Your task =
No pictures, please. Output the lines from the start of the data through the line that contains "Now let us begin", both included, exactly as they stand.

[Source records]
---

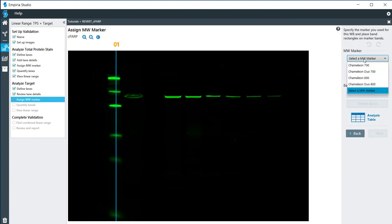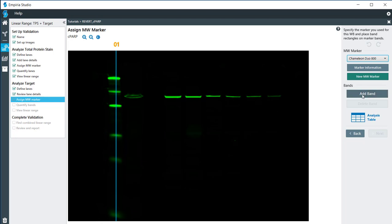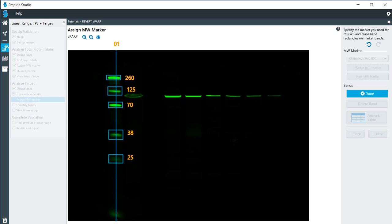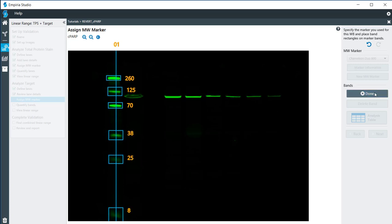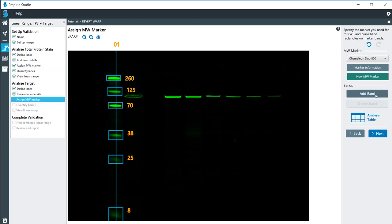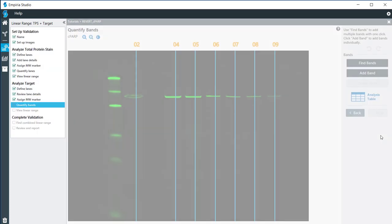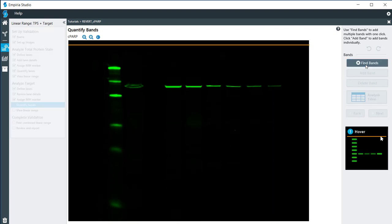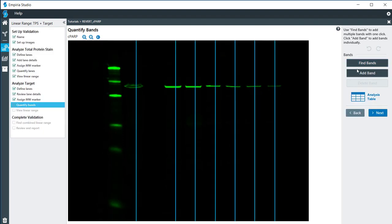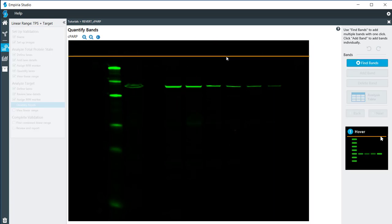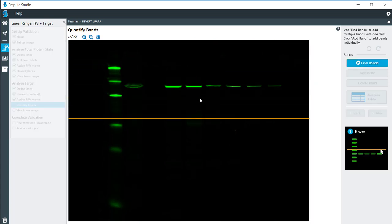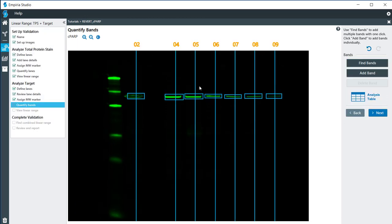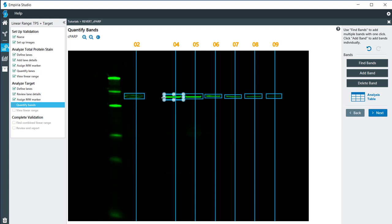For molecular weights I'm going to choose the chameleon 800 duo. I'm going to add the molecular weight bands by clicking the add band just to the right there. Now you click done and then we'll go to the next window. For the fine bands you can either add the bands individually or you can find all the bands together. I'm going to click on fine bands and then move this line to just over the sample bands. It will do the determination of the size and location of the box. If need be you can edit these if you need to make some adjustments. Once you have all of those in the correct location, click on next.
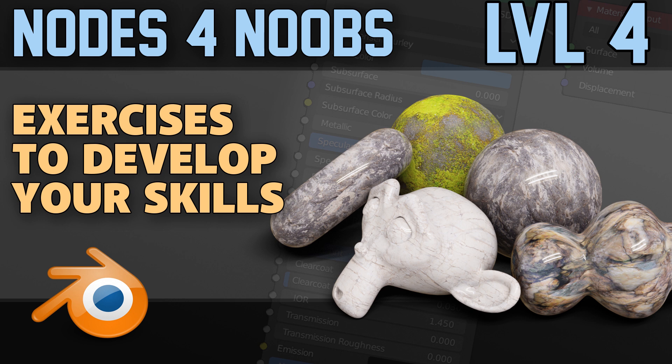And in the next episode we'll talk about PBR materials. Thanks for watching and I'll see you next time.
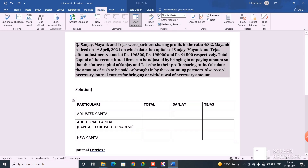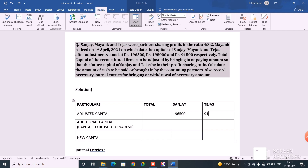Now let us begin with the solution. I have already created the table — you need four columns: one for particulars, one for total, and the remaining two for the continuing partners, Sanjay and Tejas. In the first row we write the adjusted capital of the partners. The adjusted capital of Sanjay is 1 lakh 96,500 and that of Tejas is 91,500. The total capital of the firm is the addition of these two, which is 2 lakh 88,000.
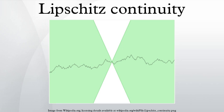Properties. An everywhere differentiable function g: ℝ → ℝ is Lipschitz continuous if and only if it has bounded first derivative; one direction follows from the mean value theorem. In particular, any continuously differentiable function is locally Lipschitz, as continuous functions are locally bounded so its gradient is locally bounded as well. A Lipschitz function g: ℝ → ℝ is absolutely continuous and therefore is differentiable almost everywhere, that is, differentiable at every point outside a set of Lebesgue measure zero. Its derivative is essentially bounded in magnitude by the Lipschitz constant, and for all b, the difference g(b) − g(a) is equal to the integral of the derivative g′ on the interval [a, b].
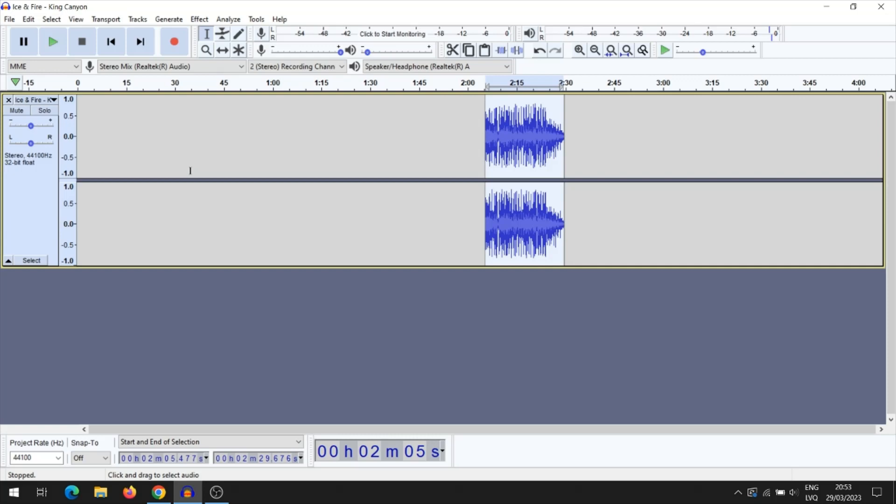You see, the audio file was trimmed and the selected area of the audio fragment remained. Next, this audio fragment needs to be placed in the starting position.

---

Result =
For molecular weights I'm going to choose the chameleon 800 duo. I'm going to add the molecular weight bands by clicking the add band just to the right there. Now you click done and then we'll go to the next window. For the fine bands you can either add the bands individually or you can find all the bands together. I'm going to click on fine bands and then move this line to just over the sample bands. It will do the determination of the size and location of the box. If need be you can edit these if you need to make some adjustments. Once you have all of those in the correct location, click on next.
And in the next episode we'll talk about PBR materials. Thanks for watching and I'll see you next time.
Now let us begin with the solution. I have already created the table — you need four columns: one for particulars, one for total, and the remaining two for the continuing partners, Sanjay and Tejas. In the first row we write the adjusted capital of the partners. The adjusted capital of Sanjay is 1 lakh 96,500 and that of Tejas is 91,500. The total capital of the firm is the addition of these two, which is 2 lakh 88,000.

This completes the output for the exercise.